## DIRECTIONS FOR THIS TASK:
Write each entry again exactly as shown, but without the images it holds.

==== AVAILABLE DATA ====

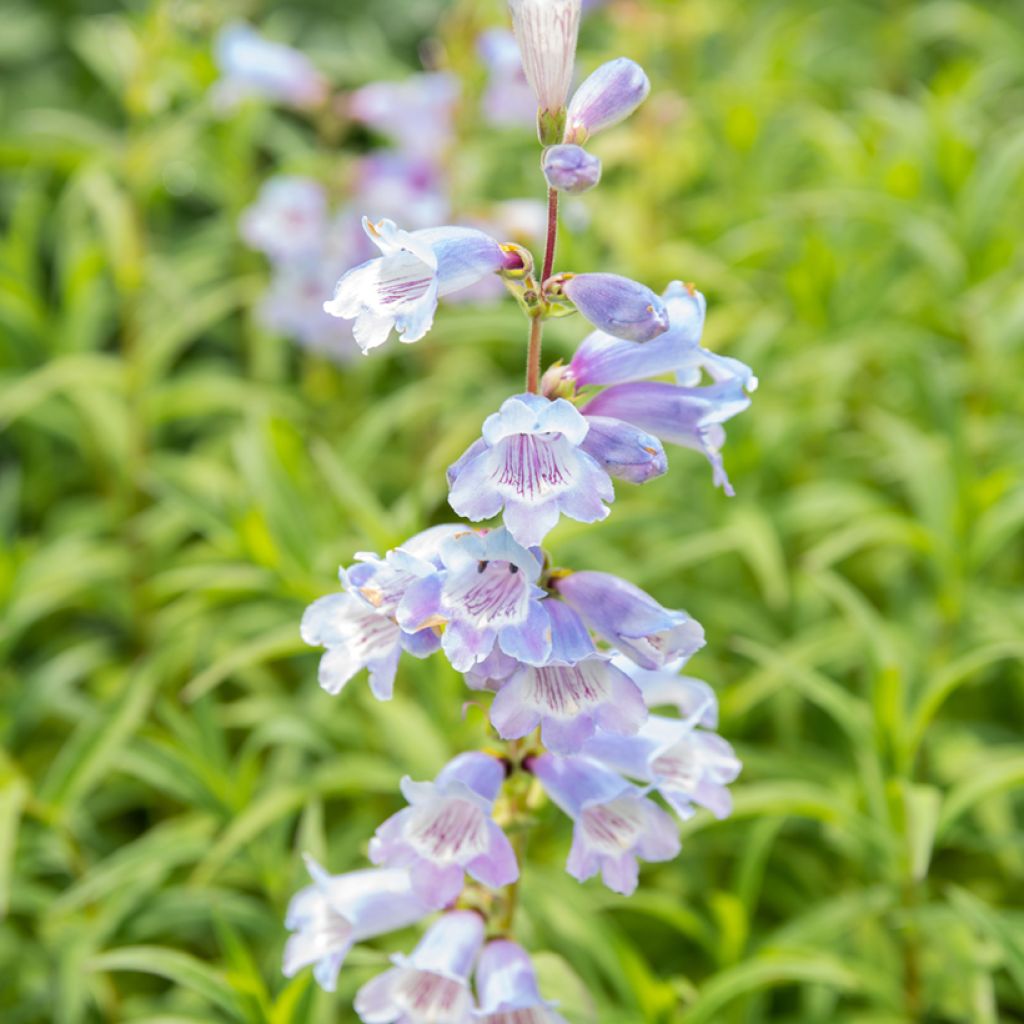 Penstemon Sour Grapes - Bartfaden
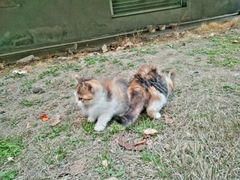 -河海大学(常州校区)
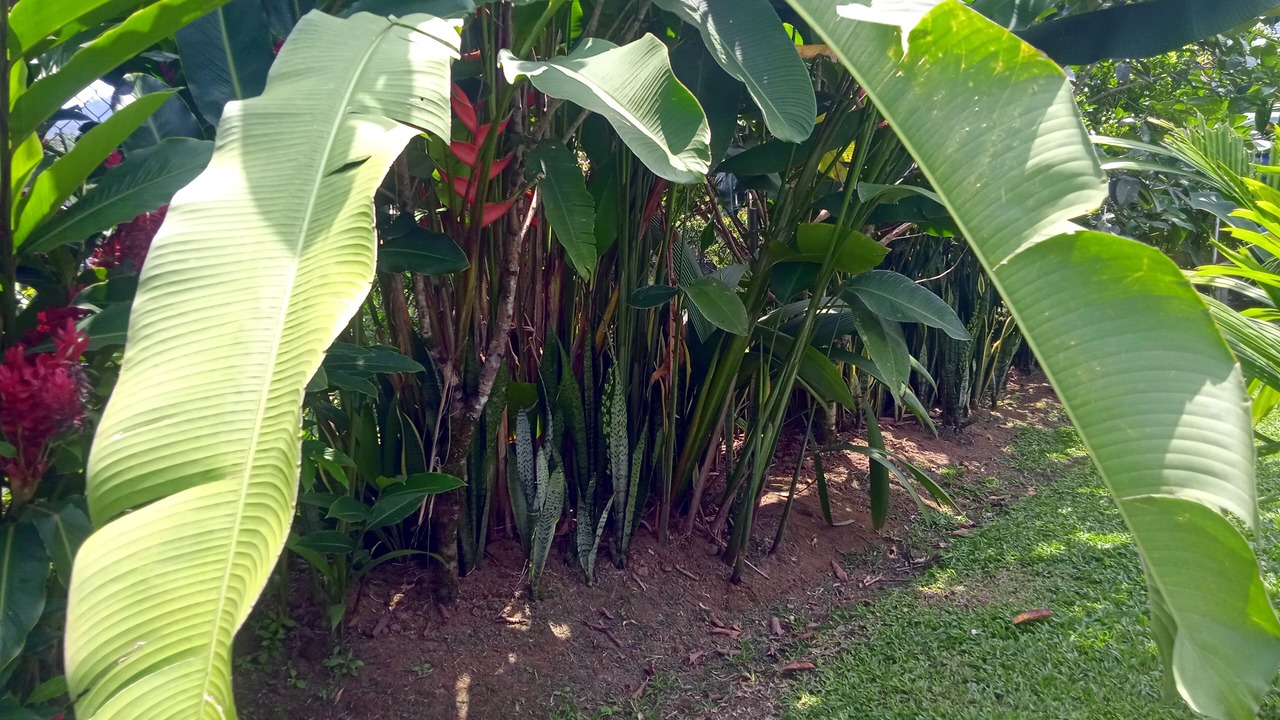 Photo of Patio Balcony in Penas Blancas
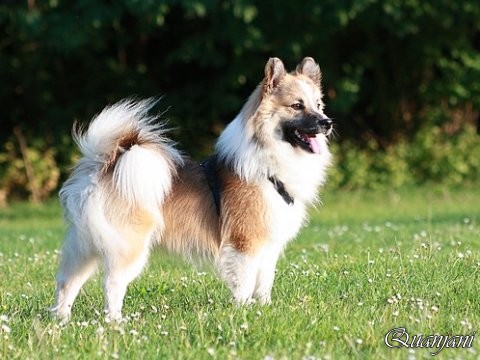 Elo Hausaufzucht, Elo glatthaar, Kleinelo glatthaar, Elo Welpen, Kleinelo Welpen, Familienhund Elo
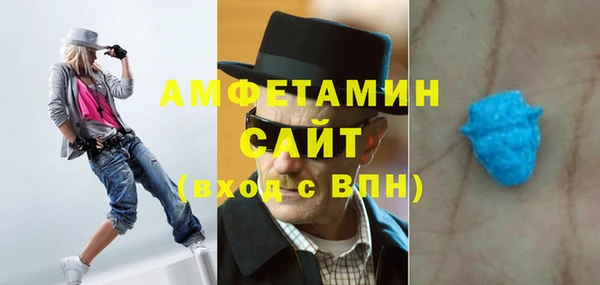 молекула духа Богородицк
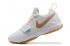 Nike Zoom PG 1 EP Paul Jeorge white gold Men Basketball Shoes 880304-110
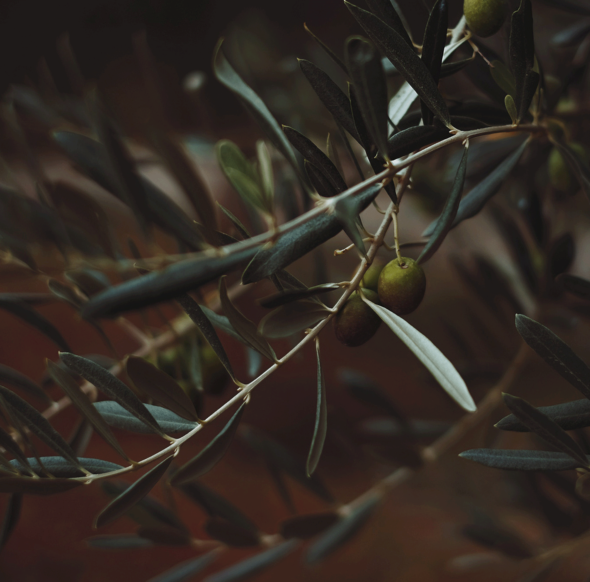 İdapür Brand Identity | Digital Experience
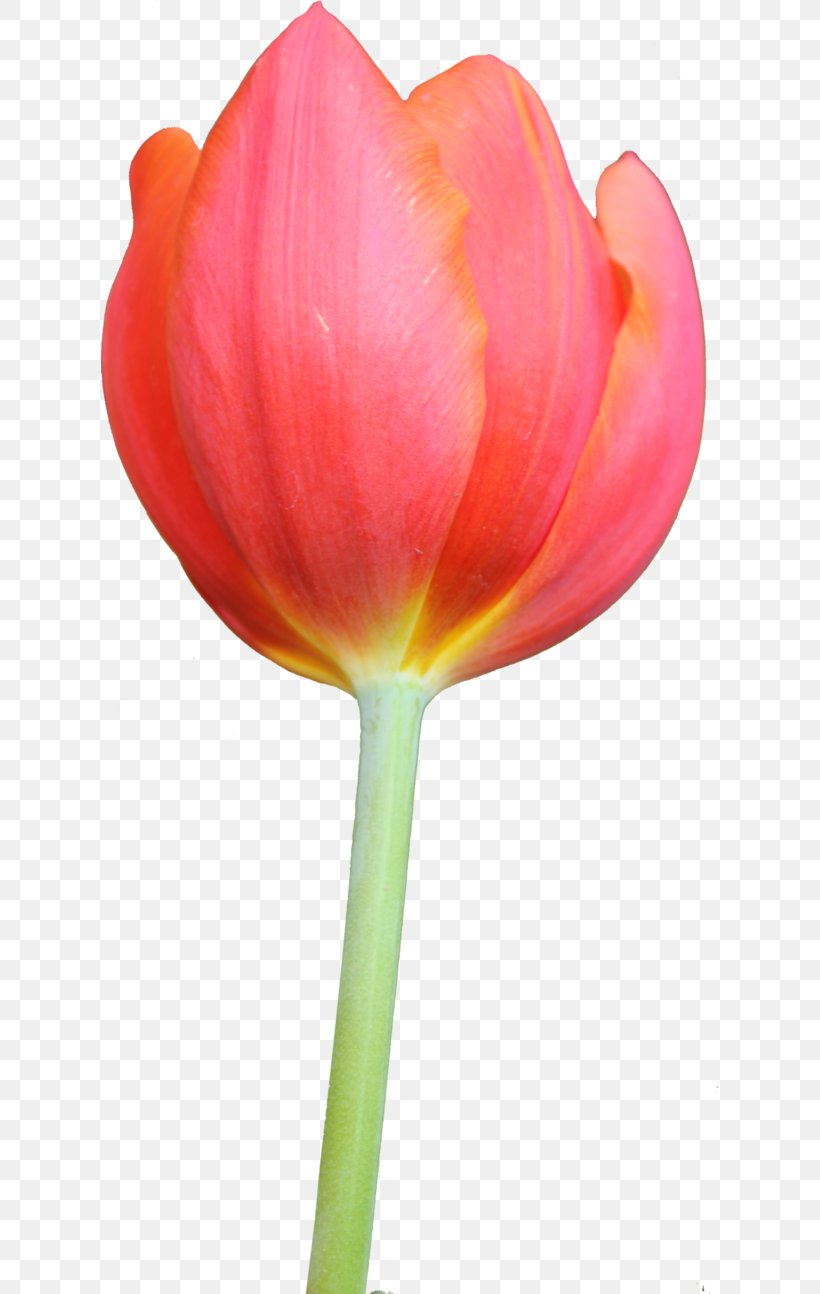 Tulip Flower Clip Art, PNG, 617x1294px, Tulip, Cut Flowers, Display Resolution, Flower, Flower Bouquet Download Free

====

## REPLY TO THE EXERCISE:
 Penstemon Sour Grapes - Bartfaden
 -河海大学(常州校区)
 Photo of Patio Balcony in Penas Blancas
 Elo Hausaufzucht, Elo glatthaar, Kleinelo glatthaar, Elo Welpen, Kleinelo Welpen, Familienhund Elo
 молекула духа Богородицк
 Nike Zoom PG 1 EP Paul Jeorge white gold Men Basketball Shoes 880304-110
 İdapür Brand Identity | Digital Experience
 Tulip Flower Clip Art, PNG, 617x1294px, Tulip, Cut Flowers, Display Resolution, Flower, Flower Bouquet Download Free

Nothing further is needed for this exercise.